The Freedom From Religion Foundation is taking exception to a series of assemblies that engaged in religious promotion at a number of Texas public schools.
A concerned community member informed FFRF that the April 3 student assembly at Glenda Dawson High School in Pearland, Texas, included advertisements for a religious revival event hosted by the evangelical church Go Tell Ministries. Similar assemblies reportedly took place at Berry Miller Junior High and other Pearland Independent School District schools on April 4 and 5. While the in-school assemblies focused on secular inspirational messaging, the evangelical group was permitted to heavily promote its April 8 evangelical event, the “Bay Area Go Tell Crusade,” which it deceptively described to students as a “pizza night.” District employees apparently helped Go Tell Ministries distribute tickets for the religious event to students.
The district reportedly scheduled these assemblies in part due to a recent suicide at Pearland High School. FFRF is very sorry to learn of the death of a student, and agrees that the district needs to be proactive in addressing such tragic events with its students, including bringing in counselors. But it must not let an outside evangelical group use this tragedy as a pretext to further its religious mission.
“It is well settled that public schools may not advance or promote religion,” FFRF Staff Attorney Sam Grover writes to Superintendent John Kelly. “In United States v. Lee, the Supreme Court extended the prohibition of school-sponsored religious activities beyond the classroom to all school functions, holding prayers at public high school graduations an impermissible establishment of religion. Thus, promotion of Go Tell Ministries’ ‘crusade’ event as part of an in-school assembly violates the Establishment Clause.”
The Houston Chronicle reports that Pearland Communications Director Kim Hocott has claimed that “the distribution of materials at non-school events is protected by law from discrimination based on content, so the tickets were allowed to be distributed to students who were interested.” But an in-school assembly is not a non-school event; it is a school-sponsored event and any message made at the event bears the stamp of district approval. The district supplied Go Tell Ministries with unique access to students through an in-school assembly. The assembly is government speech, and under the Establishment Clause of the First Amendment, that speech cannot advance one religion over others or promote religion over nonreligion.
FFRF has encountered countless examples of Christian missionaries (who it terms “pizza evangelists”) insinuating themselves into public schools by camouflaging their purpose. Sometimes, they use the opportunity to advertise for separate religious events, as happened here. This is no different from soliciting church attendance during public school hours and is equally illegal. It is incumbent on public officials to exercise due diligence when approached by third parties with a vested interest in pitching their messages to a captive audience of public school students. And regardless of the district’s intentions for these assemblies, allowing a religious ministry access to students gives the appearance that the district endorses that ministry’s religious messages.

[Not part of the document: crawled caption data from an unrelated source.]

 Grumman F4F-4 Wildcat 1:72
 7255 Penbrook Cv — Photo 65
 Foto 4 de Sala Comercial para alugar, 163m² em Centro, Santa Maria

At least some students received an opt-out form prior to the event. While parents have complained that the form was deceptive and did not disclose the religious nature of the assembly’s speakers, no amount of disclosure prior to a religious school-sponsored event can make the event legally permissible. The voluntary nature of a religious program or the provision of an alternative does not excuse in-school proselytization. The U.S. Supreme Court has summarily rejected arguments that voluntariness excuses a constitutional violation.
“Evangelical ministries shouldn’t be granted access to public school students,” says FFRF Co-President Annie Laurie Gaylor. “School officials must know by now that they’ll most often use the opportunity to promote their religious agenda.”
The Pearland Independent School District must ensure that no future assemblies from outside groups include religious advertising. FFRF further requests that the district issue an apology to those students who were subjected to Go Tell Ministries’ religious advertisements.
The Freedom From Religion Foundation is a national nonprofit organization dedicated to state/church separation with more than 27,000 nonreligious members across the country, including 1,200-plus in Texas.